African liveability

The “Two Africas”: American Perceptions of the Continent


Joey Lyons, a Cape Town Partnership intern from Boston, looks at how the reality of Cape Town (and the rest of Africa) square up with his preconceived ideas.

Will you survive the next three months? How many safaris will you go on? Will your apartment have a dirt floor? Why would you choose South Africa?

My friends asked all kinds of questions before I left my home in Boston. As you might expect from people who live on the other side of the world, their perceptions of Africa were uninformed. However, there was value in their misconceptions: their ignorance helped me recognize my own.
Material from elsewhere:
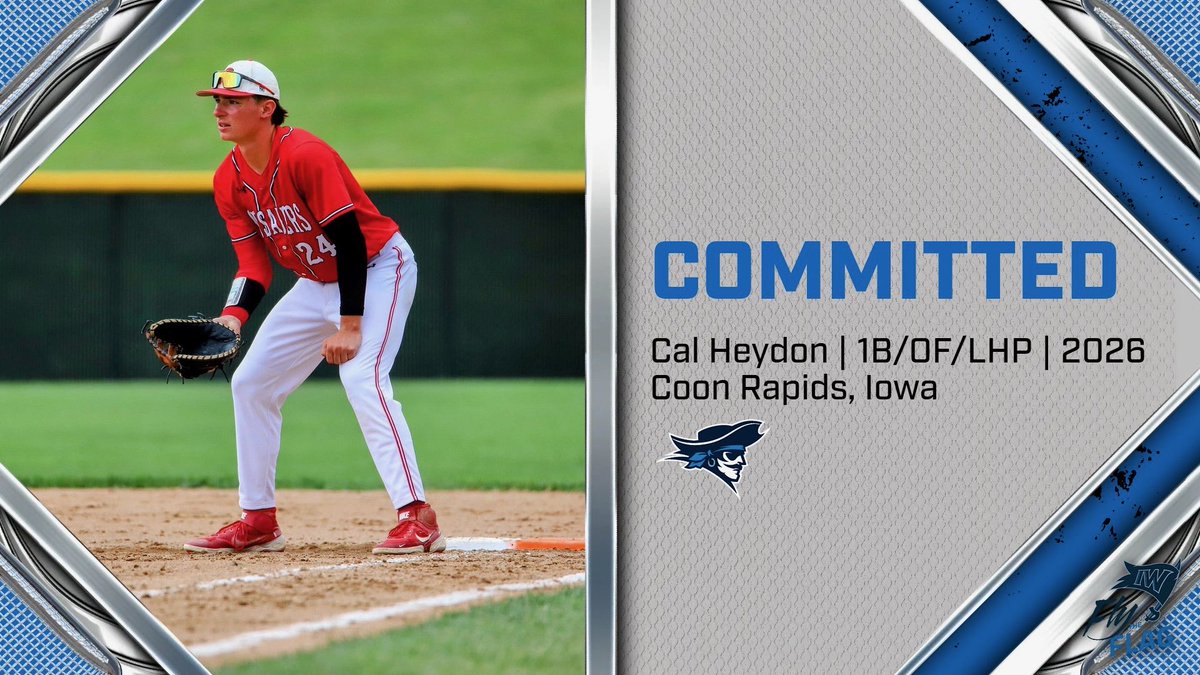 I’m happy to say that I am going to continue my academic and athletic career at Iowa Western. This would not have been possible without my Lord and Savior Jesus Christ. I also want to thank my parents, family, and friends who have supported me throughout this journey.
A week before I embarked on my thirty-hour journey to Cape Town, I had an epiphany. I knew little about where I was going. My exposure to Africa has been limited and, like many Americans, I have often viewed the continent in one of two ways.

At times, we picture the “good” Africa, filled with colorful tribes and majestic animals. At a young age, I, along with millions of Americans, witnessed this idealistic portrayal of the continent when I watched The Lion King. As we grow older, Americans learn that there is more to Africa than the Disney fairytale. We discover the “bad” Africa, where poverty, famine, war, and crime are ubiquitous. American news tends to emphasize this perspective, for tragedy attracts human interest, which, in turn, draws clicks and views. The “good” and “bad” Africa myths are both prevalent and damaging. By focusing on these extremes, Americans neglect the great variety of African experiences. The unfortunate result is that many Americans do not recognize that the vast majority of Africa’s 1.2 billion people live beyond these stereotypes.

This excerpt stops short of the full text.